For fourty years computer memory on servers has had an error checking function called ECC. Intel knows how this works because in 1972, long before it ever considered building a microprocessor, it was building ECC memory for IBM mainframe computers. ECC adds extra bits to a block of memory, and sets those bits based on a mathematical/logical operation on the value of the other bits. Typically ECC can correct an error in any single bit and detect an error involving more than one bit.
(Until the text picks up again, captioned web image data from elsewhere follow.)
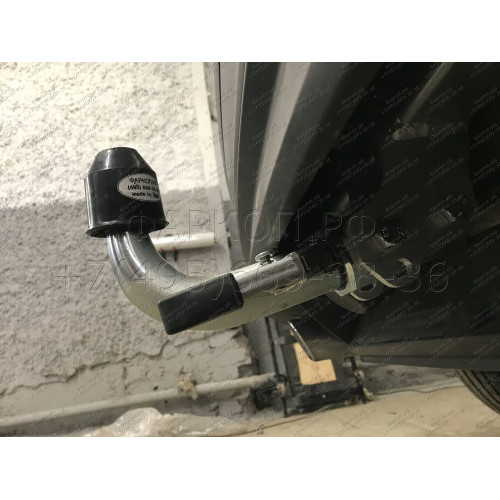 V069C GALIA Полностью оцинкованный фаркоп на Volkswagen Tiguan 2007-2016, Tiguan 2 2016-2024, Audi Q3 2011-2019, 2019-2025, SEAT Tarraco 2018-2024. Тип шара: C (горизонтальный съемный). Невидимый вырез бампера. Нагрузки: 2500/140 кг, масса фаркопа 16,2 кг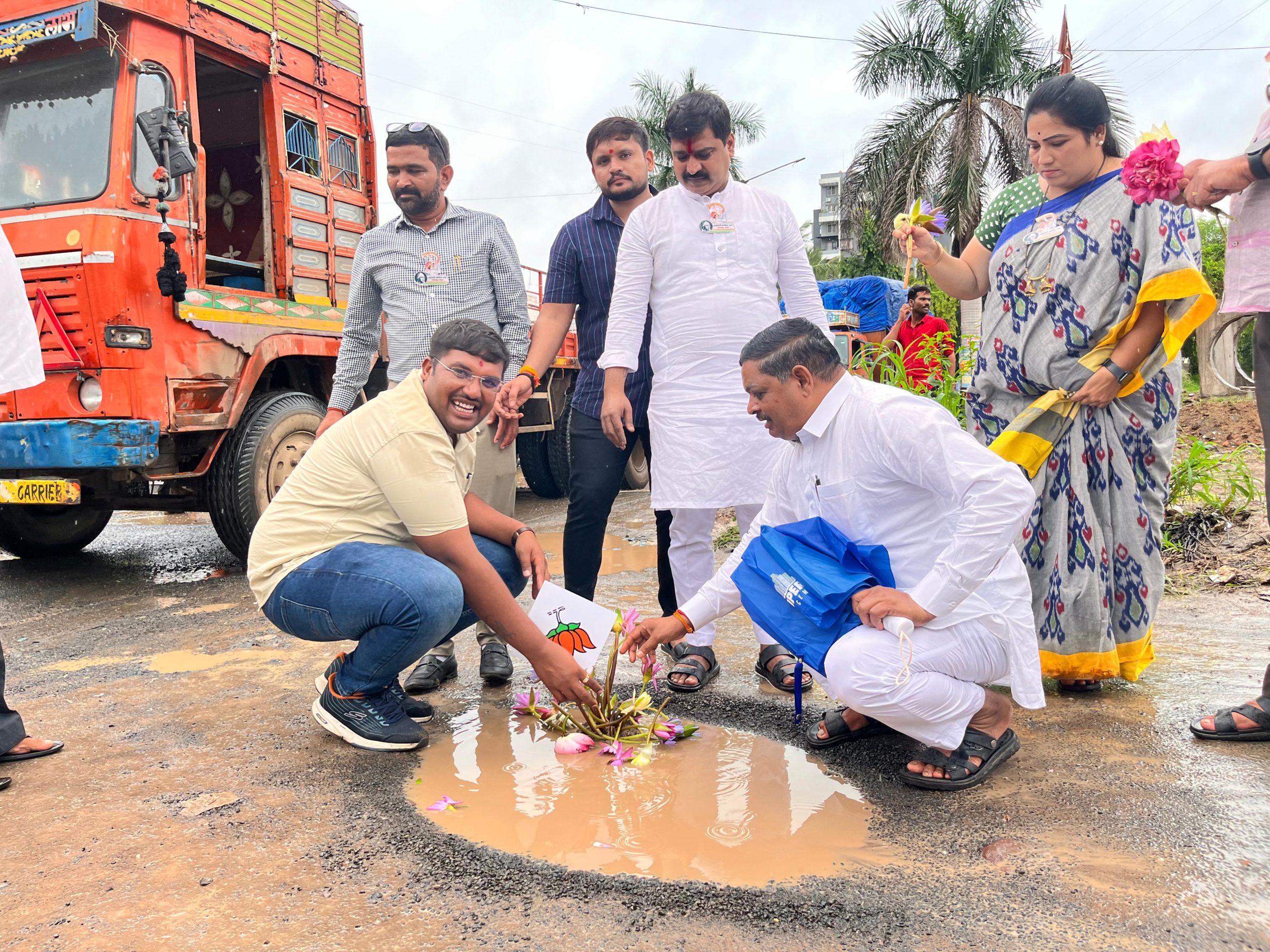 स्मार्ट सिटी खड्डेमय, खड्ड्यात कमळाचे फुले लावून केले अनोखे आंदोलन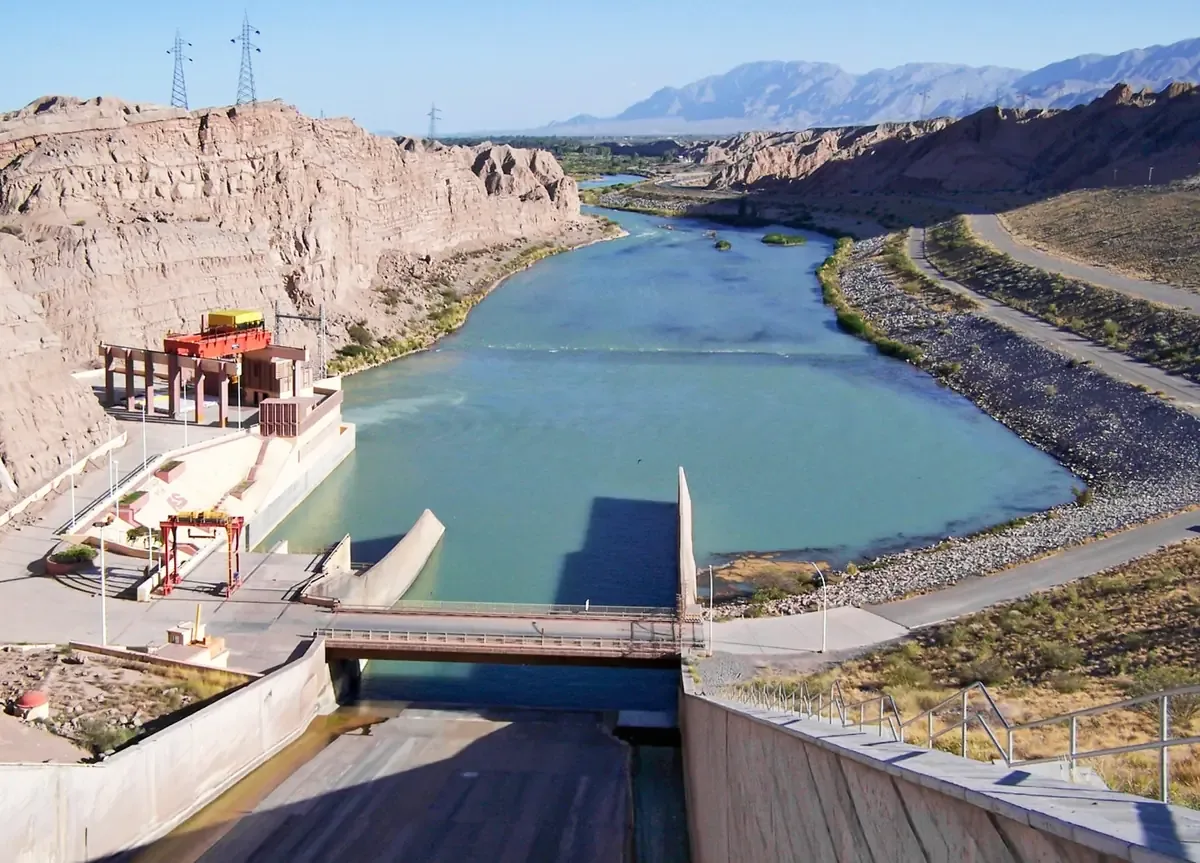 El alcalde de Torreón, Miguel Ángel Riquelme, prioriza seguridad y modernización urbana en su administración.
Exactly how to do this in a CPU chip is the Intel research subject. The point, however, is that by adding additional circuits to each internal processing unit in the CPU chip, it should be possible to detect when one of the circuits failed to reach a proper state at the end of the last clock cycle. At that point the CPU chip may miss the next clock cycle reexecuting the failed operation. It doesn’t really matter that error recovery is disruptive, because if it happens infrequently it will have no measurable effect on overall processing power.
Because current CPU chips have no error detection capability, they have to be run with very conservative clock speeds. Intel calculates that if error detection and recovery were built into the CPU, the chips could run one third faster, or sever chips could consume one third less power and generate that much less heat. That is a very, very big gain in exchange for very infrequently missing a clock cycle or two in order to retry a failed operation.
Adding error recovery would be a big change to the design of CPU chips. Intel makes major design changes every other year. It is not clear when this change might become part of their architecture, but the idea is so reasonable and the result will be so powerful that it seems certain they will try hard to make it work.